Is this the right forum for concerns about the standard library?
gzip compression, using class GzipFile from gzip.py, by default
inserts a timestamp to the compressed stream. If the optional
argument mtime is absent or None, then the current time is used [1].
This makes outputs non-deterministic, which can badly confuse
unsuspecting users: If you run “diff” over two outputs to see
whether they are unaffected by changes in your application,
then you would not expect that the *.gz binaries differ just
because they were created at different times.
I’d propose to introduce a new constant NO_TIMESTAMP as
possible value of mtime.
Furthermore, if policy about API changes allows, I’d suggest
that NO_TIMESTAMP become the new default value for mtime.
How to proceed from here?

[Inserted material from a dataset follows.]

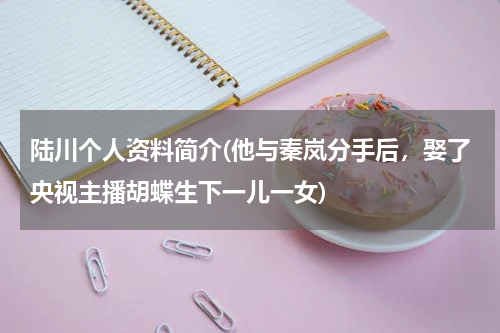 陆川个人资料简介(他与秦岚分手后，娶了央视主播胡蝶生下一儿一女)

Is this the kind of proposals that
has to go through a PEP?
Could most of the benefit not be achieved by simply adding an explanation to the documentation, suggesting that if you need deterministic output you should pass mtime=0?

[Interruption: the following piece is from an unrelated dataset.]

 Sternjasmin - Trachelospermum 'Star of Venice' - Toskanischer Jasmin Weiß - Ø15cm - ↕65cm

I have no opinion on the question of changing the default, as I’ve never needed gzip output to be deterministic.
Thanks for mtime=0. I wasn’t aware of that possibility. Does it prevent the timestamp from being written, or does it expand to a constant (incorrect, but almost always inconsequential) date? Epoch = 1970?
According to the docs here, “All gzip compressed streams are required to contain this timestamp field”. So it inserts a timestamp of 0, because you can’t omit the timestamp altogether.